Copy the listing exactly; drop the pictures.

**Data shown:**
++++

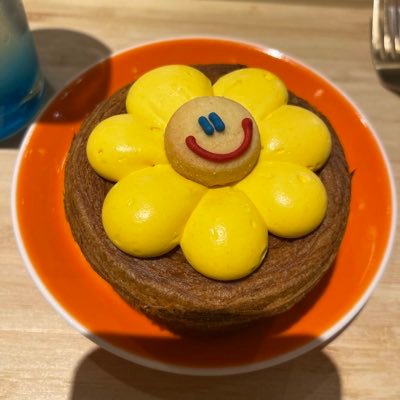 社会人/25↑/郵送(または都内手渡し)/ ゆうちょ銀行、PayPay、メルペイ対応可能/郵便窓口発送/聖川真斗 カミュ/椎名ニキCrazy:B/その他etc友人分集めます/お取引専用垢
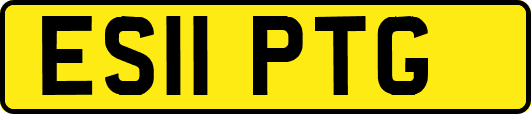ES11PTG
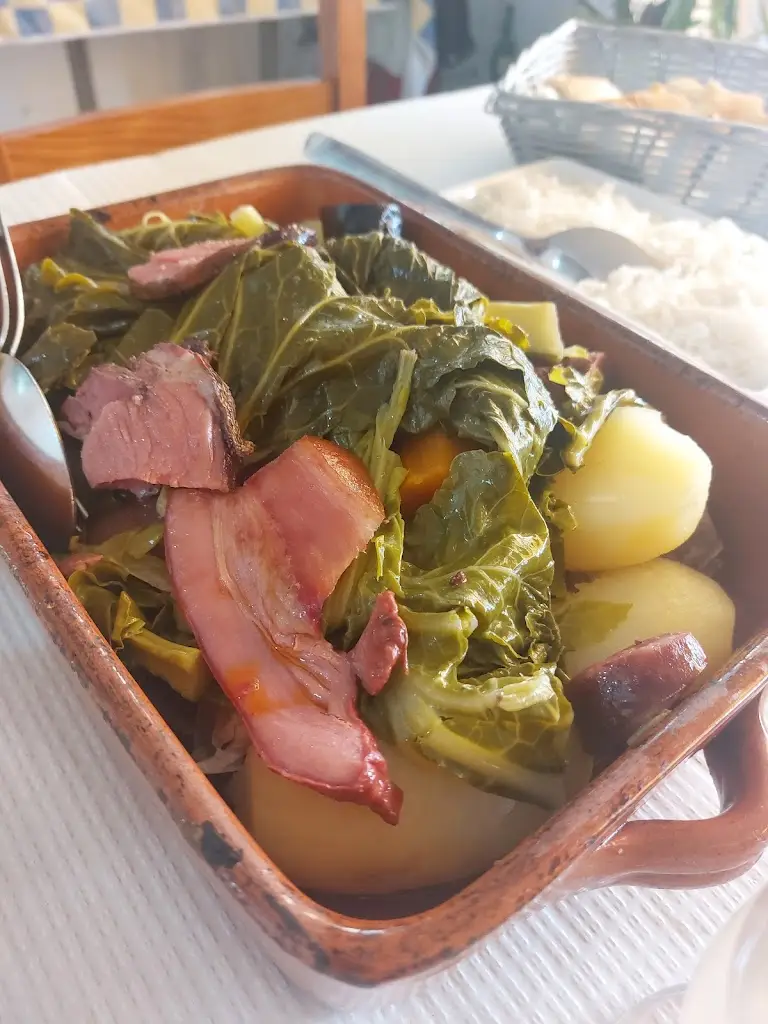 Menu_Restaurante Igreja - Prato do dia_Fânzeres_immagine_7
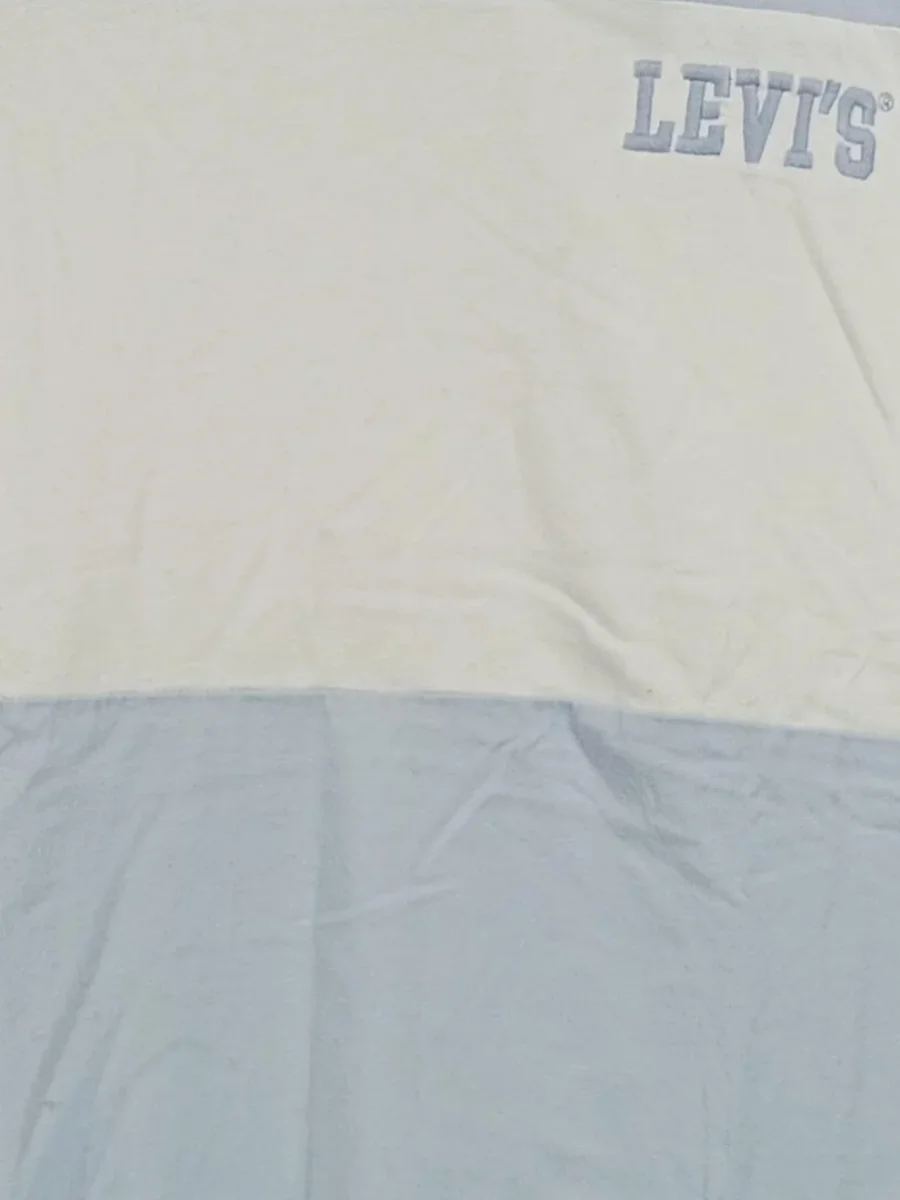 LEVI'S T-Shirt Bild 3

++++

**Result of this task:**
 社会人/25↑/郵送(または都内手渡し)/ ゆうちょ銀行、PayPay、メルペイ対応可能/郵便窓口発送/聖川真斗 カミュ/椎名ニキCrazy:B/その他etc友人分集めます/お取引専用垢
ES11PTG
 Menu_Restaurante Igreja - Prato do dia_Fânzeres_immagine_7
 LEVI'S T-Shirt Bild 3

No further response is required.